(Beginning of Data)

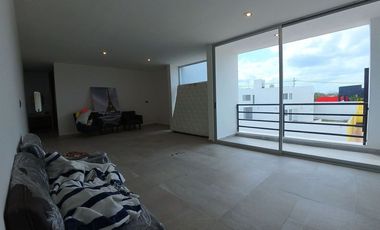 CASA TIPO VILLA EN VENTA EN CONKAL, CON ALBERCA, MERIDA YUCATAN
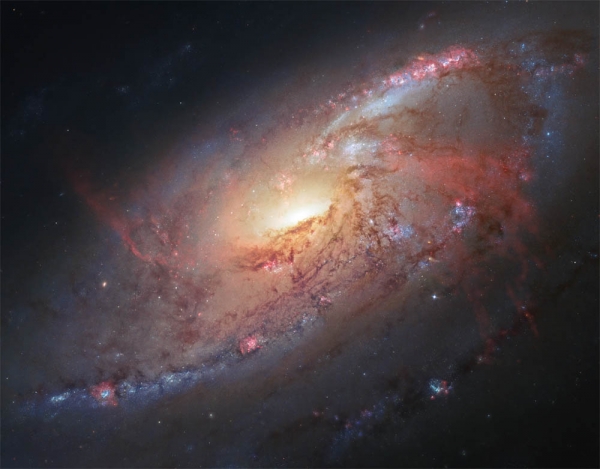 Галактика М106 на снимке телескопа Хаббл (space.com)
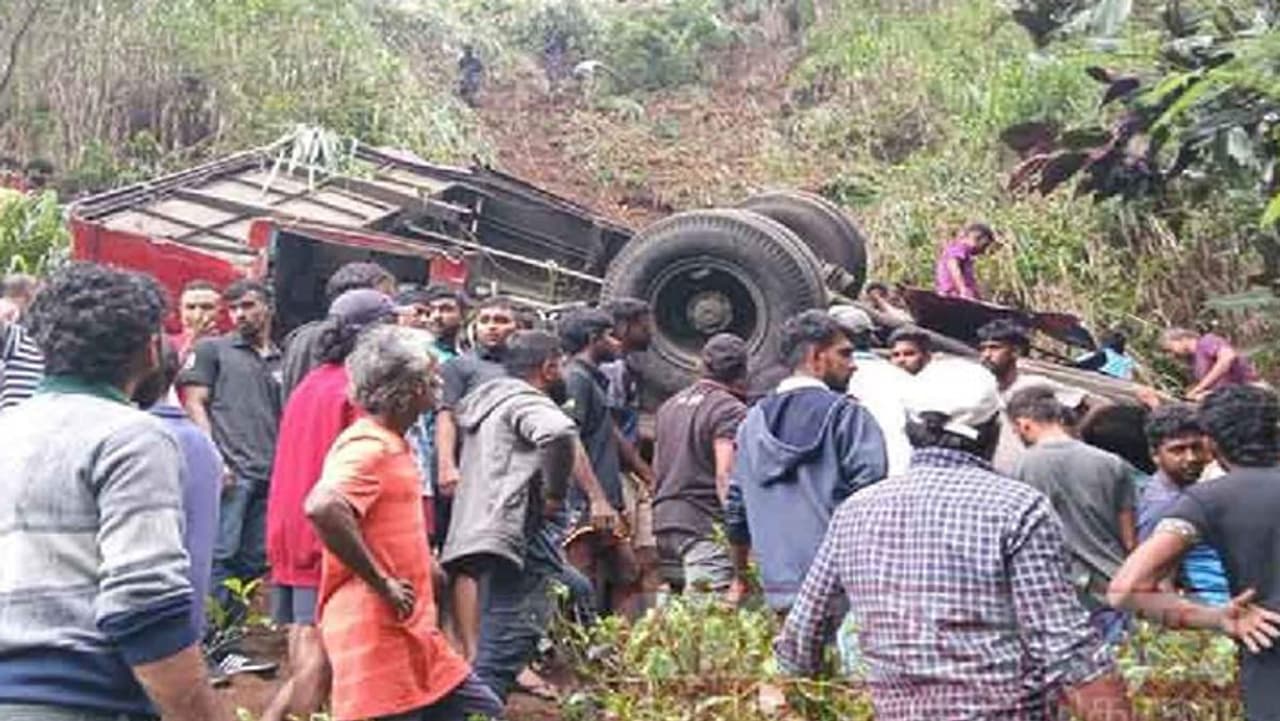 75 பயணிகளுடன் சென்ற பேருந்து விபத்து 75 பயணிகளுடன் சென்ற பேருந்து விபத்து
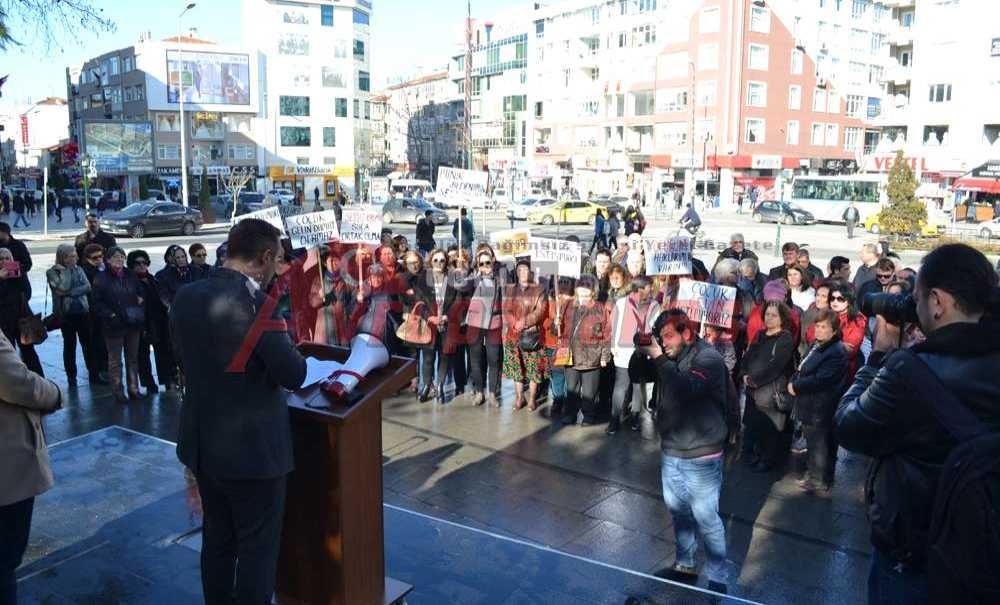 Diyanete Çocuk Evlilikleri Protestosu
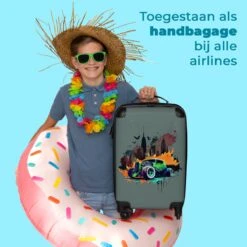 NoBoringSuitcases.com® Auto - Graffiti - New York - Groen - Koffer Kinderen - Kind - Reiskoffer Met Wielen - Koffer Jongens - Past Binnen 55x40x20 Cm En 55x35x25 Cm - Fotokoffer - Handbagagekoffer -Voyago Winkel 1200x1200 758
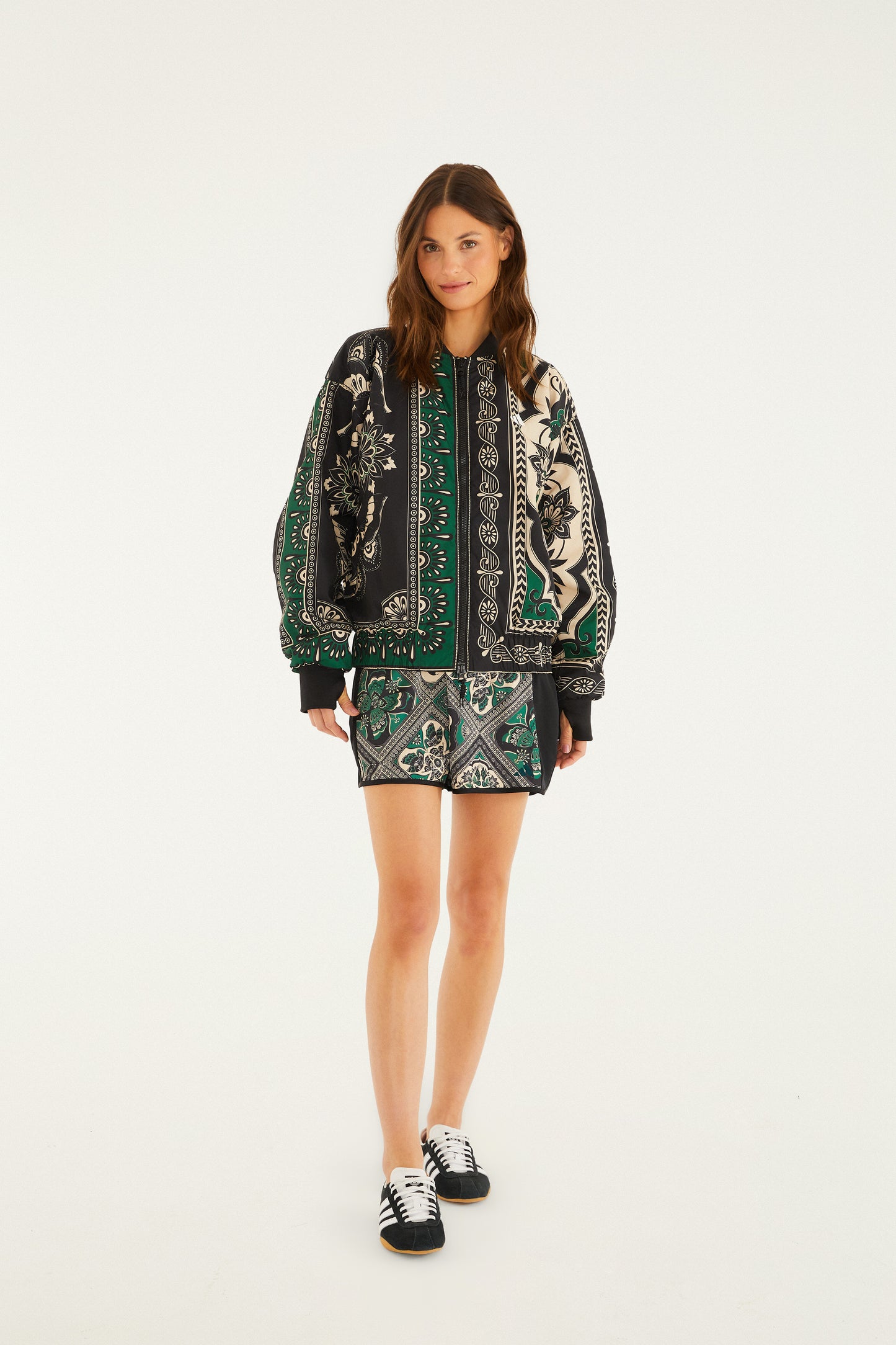 BORBOHO SCARVES BLACK ADIDAS JACKET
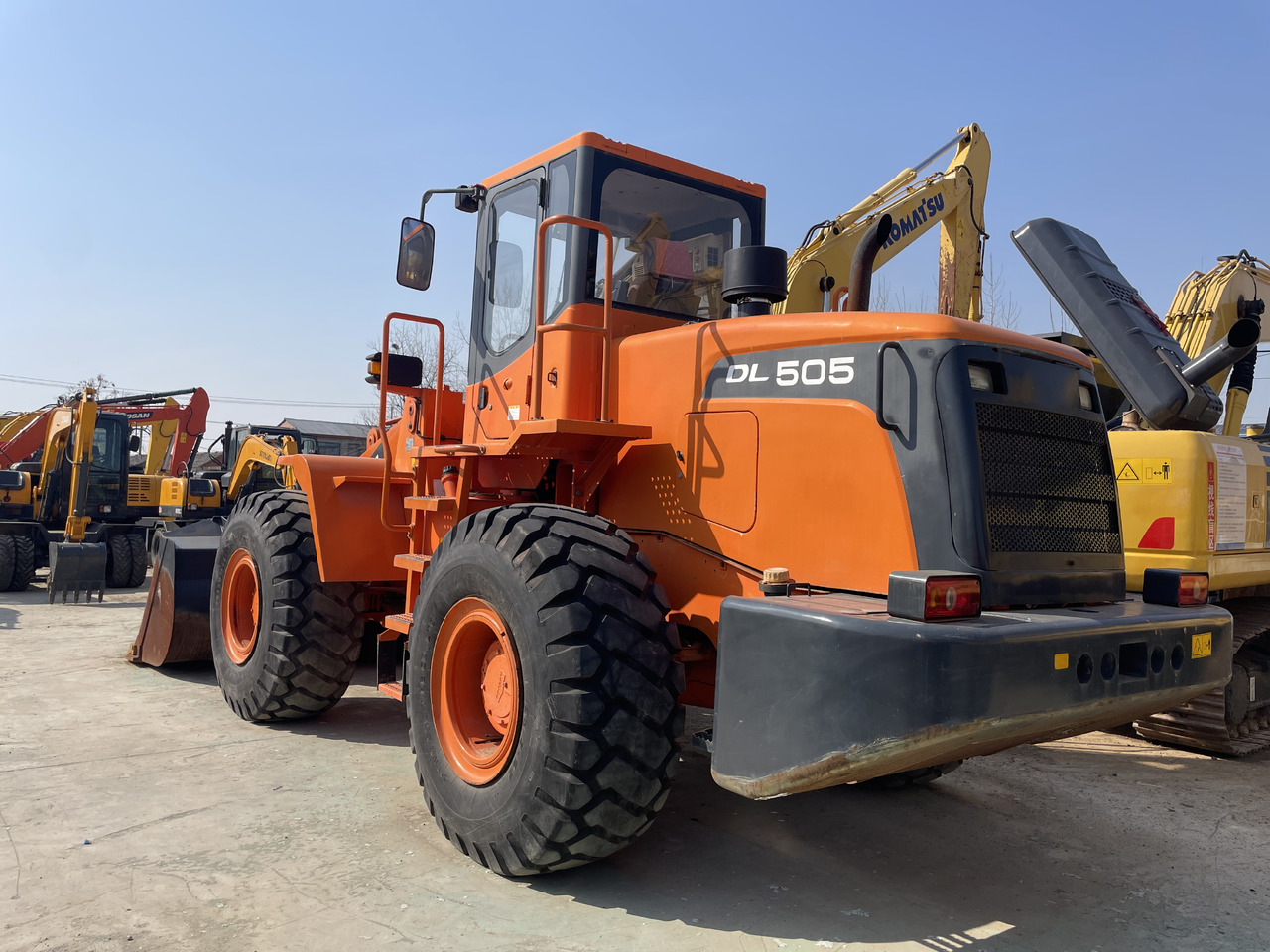 DOOSAN DL505-9C - Utovarivač točkaš: slika 4 DOOSAN DL505-9C - Utovarivač točkaš: slika 4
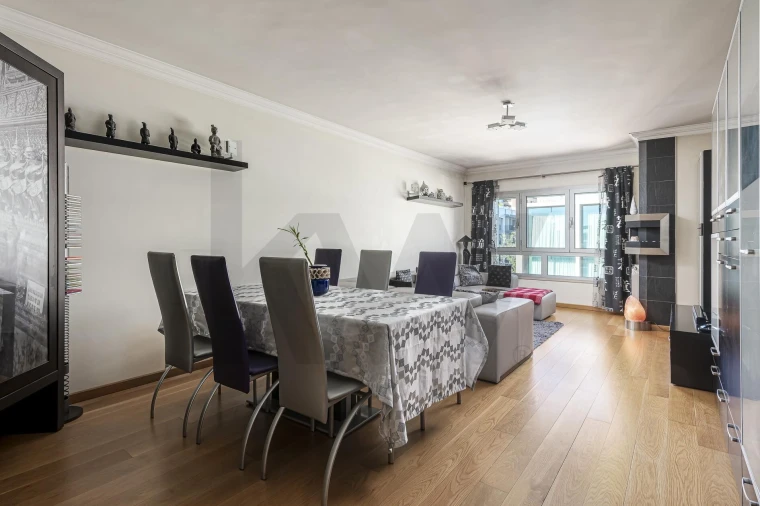Apartamento T2 para Venda em Arroios Foto 11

(End of Data)

Requirement.
Keeping pictures out, repeat exactly the lines from the one containing "DOOSAN DL505-9C - Utovarivač točkaš: slika 4 DOOSAN" through the end of the listing.

Exercise solution.
 DOOSAN DL505-9C - Utovarivač točkaš: slika 4 DOOSAN DL505-9C - Utovarivač točkaš: slika 4
Apartamento T2 para Venda em Arroios Foto 11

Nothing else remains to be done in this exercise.